REPUBLIKA.CO.ID, JAKARTA -- Pertumbuhan Financial Technology (fintech) di Indonesia kian pesat, seakan menjawab kebutuhan masyarakat Indonesia yang ‘haus’ akan pembiayaan dan pinjaman. Namun kemudahan yang ditawarkan fintech tak jarang membuat masyarakat cepat tergiur tanpa berpikir kritis apakah fintech tersebut legal atau illegal.
Director of Corporate Affairs & Public Relations Akulaku Indonesia Anggie Setia Ariningsih mengungkap beberapa cara bijak menggunakan jasa pelayanan platform fintech. Pertama, pastikan platform fintech tersebut telah terdaftar di Otoritas Jasa Keuangan (OJK) caranya dengan mengecek laman http://www.ojk.go.id/.
Setelah ada kepastian bahwa fintech terdaftar, tips kedua, ketahui kebutuhan apa yang akan dicicil menggunakan jasa pelayanan pembiayaan dan kredit fintech. Dia menegaskan, pengelolaan keuangan yang bijak akan mendukung terciptanya kultur fintech yang sehat. Karena pengelolaan keuangan yang bijak juga memperlancar pembayaran cicilan.
“Pokoknya kita hanya boleh membeli atau mengkredit barang sebanyak 30 sampai persen dari gaji bulanan. Jadi Anda harus tahu dulu kebutuhannya apa, jangan sampai tidak bijak dalam pengelolaan keuangan,” kata Anggie di Jakarta belum lama ini.
Selanjutnya ketiga, pertimbangkan juga bunga yang dipasang platform fintech tersebut. Jangan sampai, masyarakat terbutakan dengan kemudahan-kemudahan kredit yang ditawarkan platform fintech tanpa mengetahui bunga pinjamannya.
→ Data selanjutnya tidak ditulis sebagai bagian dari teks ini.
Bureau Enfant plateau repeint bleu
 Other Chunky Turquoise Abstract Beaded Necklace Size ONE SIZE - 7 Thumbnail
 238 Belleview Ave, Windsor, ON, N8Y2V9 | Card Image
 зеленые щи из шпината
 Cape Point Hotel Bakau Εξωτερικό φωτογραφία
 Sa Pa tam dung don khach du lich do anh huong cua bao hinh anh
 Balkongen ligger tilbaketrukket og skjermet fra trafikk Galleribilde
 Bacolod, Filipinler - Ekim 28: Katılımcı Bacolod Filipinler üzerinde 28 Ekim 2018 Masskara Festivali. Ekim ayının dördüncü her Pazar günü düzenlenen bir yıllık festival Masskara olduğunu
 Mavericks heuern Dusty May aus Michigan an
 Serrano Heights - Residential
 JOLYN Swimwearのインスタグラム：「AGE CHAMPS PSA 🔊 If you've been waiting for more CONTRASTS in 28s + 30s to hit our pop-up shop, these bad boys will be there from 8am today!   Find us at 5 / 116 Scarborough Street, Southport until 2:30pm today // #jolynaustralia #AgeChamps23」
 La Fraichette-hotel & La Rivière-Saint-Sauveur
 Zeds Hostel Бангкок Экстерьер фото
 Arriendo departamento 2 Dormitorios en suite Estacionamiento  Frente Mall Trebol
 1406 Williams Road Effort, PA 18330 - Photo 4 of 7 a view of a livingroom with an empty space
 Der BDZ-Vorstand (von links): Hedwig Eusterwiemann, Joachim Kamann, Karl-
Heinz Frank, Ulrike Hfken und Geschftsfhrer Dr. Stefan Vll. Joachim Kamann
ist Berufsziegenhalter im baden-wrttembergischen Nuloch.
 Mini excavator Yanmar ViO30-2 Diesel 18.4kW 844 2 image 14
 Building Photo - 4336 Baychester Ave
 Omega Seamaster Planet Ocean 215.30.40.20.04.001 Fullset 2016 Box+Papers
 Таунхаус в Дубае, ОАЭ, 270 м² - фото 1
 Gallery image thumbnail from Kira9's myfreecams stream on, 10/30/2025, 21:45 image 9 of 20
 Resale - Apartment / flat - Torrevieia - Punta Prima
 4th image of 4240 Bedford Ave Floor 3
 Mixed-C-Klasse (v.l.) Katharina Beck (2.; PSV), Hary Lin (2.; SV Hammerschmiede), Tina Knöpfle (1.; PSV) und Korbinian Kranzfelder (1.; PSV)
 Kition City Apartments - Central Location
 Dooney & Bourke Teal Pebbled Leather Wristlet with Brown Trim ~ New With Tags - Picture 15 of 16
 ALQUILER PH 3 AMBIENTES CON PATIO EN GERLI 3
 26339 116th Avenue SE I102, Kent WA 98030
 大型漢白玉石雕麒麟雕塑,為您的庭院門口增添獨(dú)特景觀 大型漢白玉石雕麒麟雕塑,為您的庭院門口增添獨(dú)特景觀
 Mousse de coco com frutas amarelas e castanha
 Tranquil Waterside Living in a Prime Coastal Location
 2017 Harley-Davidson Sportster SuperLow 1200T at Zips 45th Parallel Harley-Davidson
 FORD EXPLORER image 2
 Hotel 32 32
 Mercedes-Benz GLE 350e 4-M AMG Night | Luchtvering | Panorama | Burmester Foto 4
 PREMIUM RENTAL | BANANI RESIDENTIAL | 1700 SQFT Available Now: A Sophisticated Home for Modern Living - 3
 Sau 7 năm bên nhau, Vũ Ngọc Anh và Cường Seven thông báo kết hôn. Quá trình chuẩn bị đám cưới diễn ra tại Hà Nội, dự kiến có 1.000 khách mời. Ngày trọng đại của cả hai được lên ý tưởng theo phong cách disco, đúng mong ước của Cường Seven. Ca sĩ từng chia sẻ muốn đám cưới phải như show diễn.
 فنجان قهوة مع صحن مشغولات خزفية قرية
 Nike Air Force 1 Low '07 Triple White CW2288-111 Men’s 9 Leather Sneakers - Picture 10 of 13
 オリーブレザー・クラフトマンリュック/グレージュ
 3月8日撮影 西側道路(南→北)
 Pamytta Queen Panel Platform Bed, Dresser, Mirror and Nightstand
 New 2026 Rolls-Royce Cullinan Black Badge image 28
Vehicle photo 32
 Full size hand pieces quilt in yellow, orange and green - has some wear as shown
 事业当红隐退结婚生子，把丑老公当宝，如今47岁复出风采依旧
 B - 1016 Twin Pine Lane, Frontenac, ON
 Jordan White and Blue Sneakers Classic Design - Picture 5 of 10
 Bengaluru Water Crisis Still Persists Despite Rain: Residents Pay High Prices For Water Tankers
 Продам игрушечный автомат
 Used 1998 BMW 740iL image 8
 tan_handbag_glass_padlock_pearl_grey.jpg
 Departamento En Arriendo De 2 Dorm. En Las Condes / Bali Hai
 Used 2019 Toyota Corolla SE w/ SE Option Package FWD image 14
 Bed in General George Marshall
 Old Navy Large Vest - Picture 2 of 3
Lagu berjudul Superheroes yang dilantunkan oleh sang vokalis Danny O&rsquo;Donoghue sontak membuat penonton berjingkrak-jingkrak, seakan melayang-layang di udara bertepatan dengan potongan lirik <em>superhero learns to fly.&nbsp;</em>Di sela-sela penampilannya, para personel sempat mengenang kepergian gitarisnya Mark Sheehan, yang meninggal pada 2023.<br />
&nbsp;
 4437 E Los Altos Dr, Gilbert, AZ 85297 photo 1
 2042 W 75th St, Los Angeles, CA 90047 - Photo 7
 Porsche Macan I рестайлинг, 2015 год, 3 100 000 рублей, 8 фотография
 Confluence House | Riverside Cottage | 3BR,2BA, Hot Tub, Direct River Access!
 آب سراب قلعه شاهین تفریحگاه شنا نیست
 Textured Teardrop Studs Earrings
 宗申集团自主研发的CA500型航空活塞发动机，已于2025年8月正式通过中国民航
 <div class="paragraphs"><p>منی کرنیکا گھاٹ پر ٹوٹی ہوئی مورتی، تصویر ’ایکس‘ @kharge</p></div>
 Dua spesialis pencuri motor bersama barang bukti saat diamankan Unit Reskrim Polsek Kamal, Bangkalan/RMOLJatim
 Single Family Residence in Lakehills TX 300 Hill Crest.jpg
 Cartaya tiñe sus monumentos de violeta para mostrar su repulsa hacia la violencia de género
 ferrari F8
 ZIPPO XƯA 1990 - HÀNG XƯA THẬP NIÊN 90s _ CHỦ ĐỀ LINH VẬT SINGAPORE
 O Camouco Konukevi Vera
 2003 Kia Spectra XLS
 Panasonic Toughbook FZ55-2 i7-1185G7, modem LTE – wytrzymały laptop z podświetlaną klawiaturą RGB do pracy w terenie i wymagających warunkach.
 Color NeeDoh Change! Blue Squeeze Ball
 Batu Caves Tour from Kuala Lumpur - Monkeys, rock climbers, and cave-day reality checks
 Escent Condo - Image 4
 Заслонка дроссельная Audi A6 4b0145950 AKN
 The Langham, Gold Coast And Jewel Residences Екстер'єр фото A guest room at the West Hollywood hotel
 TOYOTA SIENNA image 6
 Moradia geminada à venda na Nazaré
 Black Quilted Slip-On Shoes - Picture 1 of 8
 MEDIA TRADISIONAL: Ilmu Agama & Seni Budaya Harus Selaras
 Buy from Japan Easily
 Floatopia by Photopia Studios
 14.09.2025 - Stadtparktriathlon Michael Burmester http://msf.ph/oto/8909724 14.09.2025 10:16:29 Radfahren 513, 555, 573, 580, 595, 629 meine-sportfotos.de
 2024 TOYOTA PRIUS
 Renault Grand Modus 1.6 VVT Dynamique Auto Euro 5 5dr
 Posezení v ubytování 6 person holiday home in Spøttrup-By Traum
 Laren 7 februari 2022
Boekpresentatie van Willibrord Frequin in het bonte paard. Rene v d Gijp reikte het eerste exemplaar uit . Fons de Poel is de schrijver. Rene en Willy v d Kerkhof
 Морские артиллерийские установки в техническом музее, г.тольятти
Menurut Anggie, edukasi dan literasi keuangan sangatlah penting disampaikan kepada masyarakat. Sehingga ke depan masyarakat bisa lebih kritis dan cerdas dalam memanfaatkan layanan teknologi finansial yang kini tengah berkembang di masyarakat.
“Jangan deh, mentang-mentang mudah pinjam uang terus pengguna pinjam ke 10 platform fintech misalnya. Itu kan sebenarnya sebab musabab kenapa fintech mendapat stigma negatif, padahal nyatanya fintech itu telah memberikan banyak manfaat. Sama seperti halnya GoJek, Grab, Uber yang memanfaatkan teknologi,” kata dia.